====== SOURCE DATA ======
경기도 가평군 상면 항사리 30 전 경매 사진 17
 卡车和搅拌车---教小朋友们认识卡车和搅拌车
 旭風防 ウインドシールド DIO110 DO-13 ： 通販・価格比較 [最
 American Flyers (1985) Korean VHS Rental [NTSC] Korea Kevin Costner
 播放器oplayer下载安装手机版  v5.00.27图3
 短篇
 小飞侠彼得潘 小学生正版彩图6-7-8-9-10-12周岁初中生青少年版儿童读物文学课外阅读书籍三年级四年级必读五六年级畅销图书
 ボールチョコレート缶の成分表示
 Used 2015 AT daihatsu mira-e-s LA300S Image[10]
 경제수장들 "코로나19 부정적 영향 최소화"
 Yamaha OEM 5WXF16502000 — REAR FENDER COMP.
======
| WHAT IS REQUIRED |
Copy the line containing "旭風防 ウインドシールド DIO110 DO-13 ： 通販・価格比較 [最" and every line after it, through the last line of the records. Include nothing else.

| OUTPUT FOR THIS TASK |
 旭風防 ウインドシールド DIO110 DO-13 ： 通販・価格比較 [最
 American Flyers (1985) Korean VHS Rental [NTSC] Korea Kevin Costner
 播放器oplayer下载安装手机版  v5.00.27图3
 短篇
 小飞侠彼得潘 小学生正版彩图6-7-8-9-10-12周岁初中生青少年版儿童读物文学课外阅读书籍三年级四年级必读五六年级畅销图书
 ボールチョコレート缶の成分表示
 Used 2015 AT daihatsu mira-e-s LA300S Image[10]
 경제수장들 "코로나19 부정적 영향 최소화"
 Yamaha OEM 5WXF16502000 — REAR FENDER COMP.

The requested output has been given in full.